There are many ways to use intonation in English, but today I want to look at the two most basic: questioning intonation and statement intonation.

When you ask questions in English your tone usually rises over the course of the question. This signals to the listener that you are asking them something.

The tone of a statement is very different - it ends in a down tone. The tone signals that you are finished with that thought and moving on to something else.

As listeners, it has been found that we put more weight on a speaker's tone of voice than the actual words that are used. If you make a statement but end in an up tone, it will sound like you are unsure of what you are saying; you're using a questioning tone. This could be a real problem if you are presenting important information that you have researched or are trying to convince people to follow your lead. If you sound unsure, your listeners also won't trust what you're saying to be true.

Focus on the sound of your voice and how you use it when you speak. If you find that people don't take you seriously, your tone could be part of the problem.

Monday, September 8, 2008

Communication Etiquette: Magical Introductions

Sorry for the short hiatus. I had to cut my vacation short because I got sick and had to get home to my doctor. That must have been payback for rubbing it in that I was on vacation. Bad karma! Everything is fine now. I'm back, and ready to tackle our next topic: Introductions.

I think we've all been in a situation where someone has introduced us to another person and then suddenly disappeared. We just stand there looking at the other person and have no idea what to say.

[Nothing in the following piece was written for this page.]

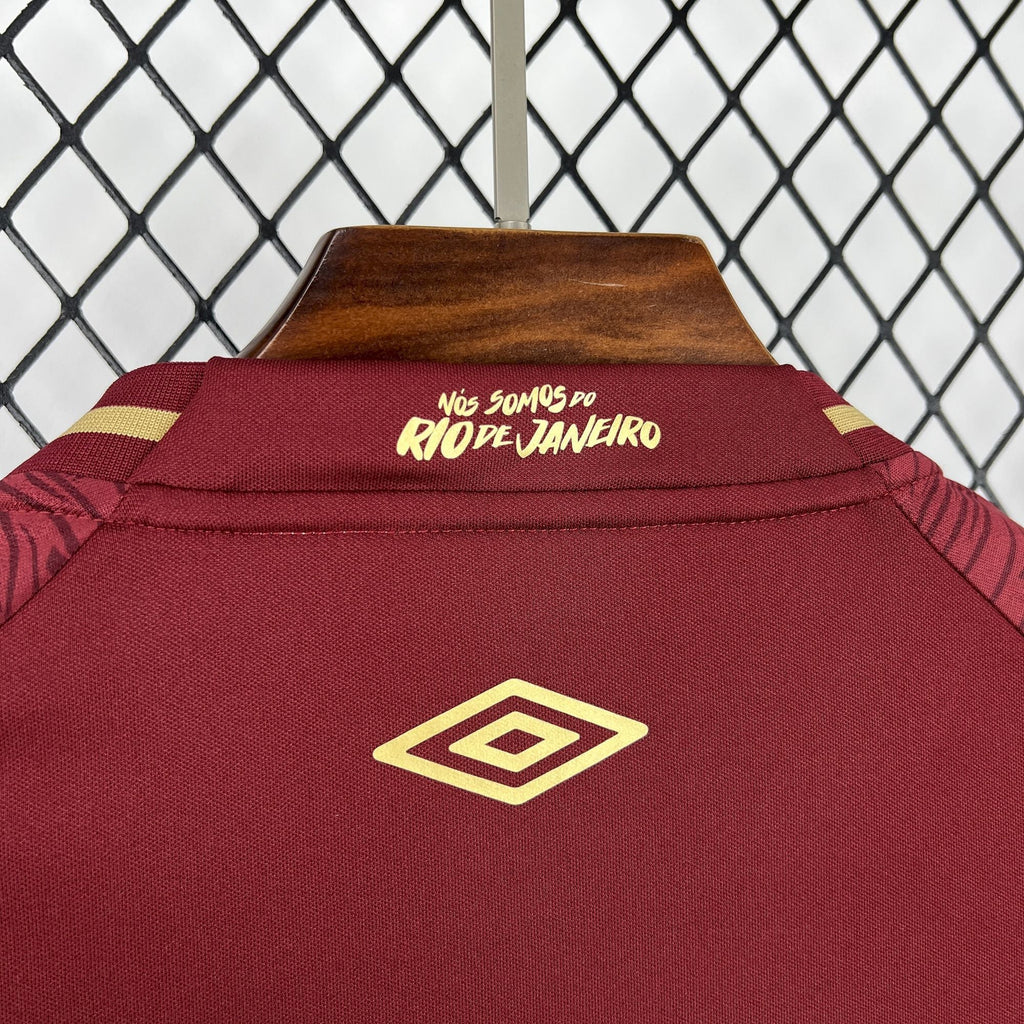 Camisa Fluminense 3 25/26 - Versão Torcedor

Where to start? I'll save that for a different post because first of all, the person that introduced us didn't do a very good job.

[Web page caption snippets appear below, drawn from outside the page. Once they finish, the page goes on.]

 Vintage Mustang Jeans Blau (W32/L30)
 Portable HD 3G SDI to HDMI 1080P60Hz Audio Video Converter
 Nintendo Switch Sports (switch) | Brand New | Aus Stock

Introducing two people is an art. Usually you introduce people because you think that they have something in common, could help each other or would just be a good match for whatever reason. You usually want them to like each other. Part of your job as a gracious networker or host is to point out the fantastic similarities these two individuals share so that it's easy for them to start a conversation and "click."

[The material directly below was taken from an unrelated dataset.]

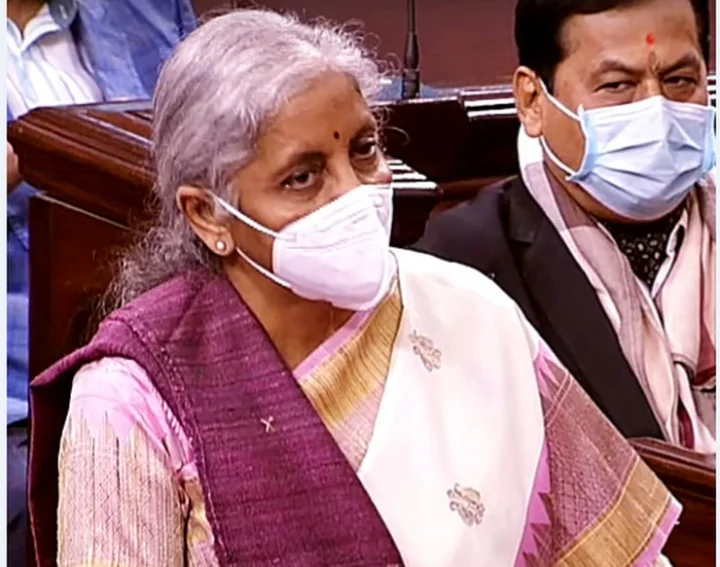Nirmala Sitharaman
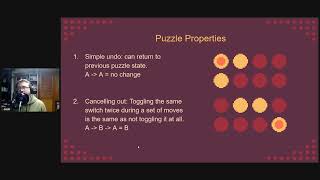Josh Galecki - Procedurally Generating Puzzles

For example, you know that your friend, Judy is an avid sky-diver and your other friend, Mike is preparing for his first tandem jump. They would probably have a lot to talk about! By introducing them and pointing out their similarities, you've ensured that they will have something to talk about. With time, they might have figured out on their own that they share a hobby, but you just saved them the awkwardness of the first encounter.

Here's how the conversation might go:
You: Hi, Mike! I'd like to introduce you to* my friend, Judy. She's the one I told you about that loves sky diving.
Mike: Oh, of course. Nice to meet you.
You (to Judy): Mike is getting ready for his first tandem jump.
Judy: Oh, really? That's great! Nice to meet you too, Mike. So when's your first jump?
Mike: Next week. I'm really looking forward to it...

See how easy that was? Now Mike and Judy can start talking like old friends and you've saved them the awkward silence that comes when two people try to start a conversation.

You know that you've failed to introduce two people correctly if your friend says to you long after they met another one of your friends, "Why didn't you tell me that so-and-so... " You should have known that your friend would have been interested to hear about a shared hobby or interest.

*I am aware that in Standard English the correct form would be "introduce to you." Unfortunately, very few people realize this and it has become widely accepted to use the reverse "introduce you to." In this specific, informal situation I personally feel that "introduce you to" is more acceptable. I'll have to expand on this topic in a future post.